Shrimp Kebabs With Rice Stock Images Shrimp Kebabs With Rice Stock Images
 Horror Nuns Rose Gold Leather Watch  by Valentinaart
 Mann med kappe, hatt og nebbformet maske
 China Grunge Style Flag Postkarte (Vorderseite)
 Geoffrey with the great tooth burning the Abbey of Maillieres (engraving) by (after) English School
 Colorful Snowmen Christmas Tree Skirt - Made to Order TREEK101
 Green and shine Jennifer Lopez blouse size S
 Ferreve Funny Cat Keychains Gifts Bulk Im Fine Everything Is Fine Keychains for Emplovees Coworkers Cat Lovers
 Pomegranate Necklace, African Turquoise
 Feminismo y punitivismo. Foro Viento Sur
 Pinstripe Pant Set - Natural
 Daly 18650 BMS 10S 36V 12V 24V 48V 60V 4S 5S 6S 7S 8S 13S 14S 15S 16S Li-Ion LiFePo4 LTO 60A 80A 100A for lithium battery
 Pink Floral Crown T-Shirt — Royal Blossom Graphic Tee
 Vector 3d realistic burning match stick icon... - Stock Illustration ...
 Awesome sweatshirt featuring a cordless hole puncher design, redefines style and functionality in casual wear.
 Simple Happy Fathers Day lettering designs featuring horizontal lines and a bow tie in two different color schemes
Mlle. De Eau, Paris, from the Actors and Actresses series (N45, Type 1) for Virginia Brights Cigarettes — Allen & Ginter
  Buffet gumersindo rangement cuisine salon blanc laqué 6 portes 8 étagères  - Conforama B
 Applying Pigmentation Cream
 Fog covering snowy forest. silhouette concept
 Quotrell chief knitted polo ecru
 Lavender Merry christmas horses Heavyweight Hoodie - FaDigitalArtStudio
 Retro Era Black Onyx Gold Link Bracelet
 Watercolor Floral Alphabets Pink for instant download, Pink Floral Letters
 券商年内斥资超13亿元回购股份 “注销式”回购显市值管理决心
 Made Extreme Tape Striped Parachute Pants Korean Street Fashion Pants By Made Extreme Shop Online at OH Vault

- - - -

About this task >>
Retype every entry exactly as it stands.

Answer space >>
Shrimp Kebabs With Rice Stock Images Shrimp Kebabs With Rice Stock Images
 Horror Nuns Rose Gold Leather Watch  by Valentinaart
 Mann med kappe, hatt og nebbformet maske
 China Grunge Style Flag Postkarte (Vorderseite)
 Geoffrey with the great tooth burning the Abbey of Maillieres (engraving) by (after) English School
 Colorful Snowmen Christmas Tree Skirt - Made to Order TREEK101
 Green and shine Jennifer Lopez blouse size S
 Ferreve Funny Cat Keychains Gifts Bulk Im Fine Everything Is Fine Keychains for Emplovees Coworkers Cat Lovers
 Pomegranate Necklace, African Turquoise
 Feminismo y punitivismo. Foro Viento Sur
 Pinstripe Pant Set - Natural
 Daly 18650 BMS 10S 36V 12V 24V 48V 60V 4S 5S 6S 7S 8S 13S 14S 15S 16S Li-Ion LiFePo4 LTO 60A 80A 100A for lithium battery
 Pink Floral Crown T-Shirt — Royal Blossom Graphic Tee
 Vector 3d realistic burning match stick icon... - Stock Illustration ...
 Awesome sweatshirt featuring a cordless hole puncher design, redefines style and functionality in casual wear.
 Simple Happy Fathers Day lettering designs featuring horizontal lines and a bow tie in two different color schemes
Mlle. De Eau, Paris, from the Actors and Actresses series (N45, Type 1) for Virginia Brights Cigarettes — Allen & Ginter
  Buffet gumersindo rangement cuisine salon blanc laqué 6 portes 8 étagères  - Conforama B
 Applying Pigmentation Cream
 Fog covering snowy forest. silhouette concept
 Quotrell chief knitted polo ecru
 Lavender Merry christmas horses Heavyweight Hoodie - FaDigitalArtStudio
 Retro Era Black Onyx Gold Link Bracelet
 Watercolor Floral Alphabets Pink for instant download, Pink Floral Letters
 券商年内斥资超13亿元回购股份 “注销式”回购显市值管理决心
 Made Extreme Tape Striped Parachute Pants Korean Street Fashion Pants By Made Extreme Shop Online at OH Vault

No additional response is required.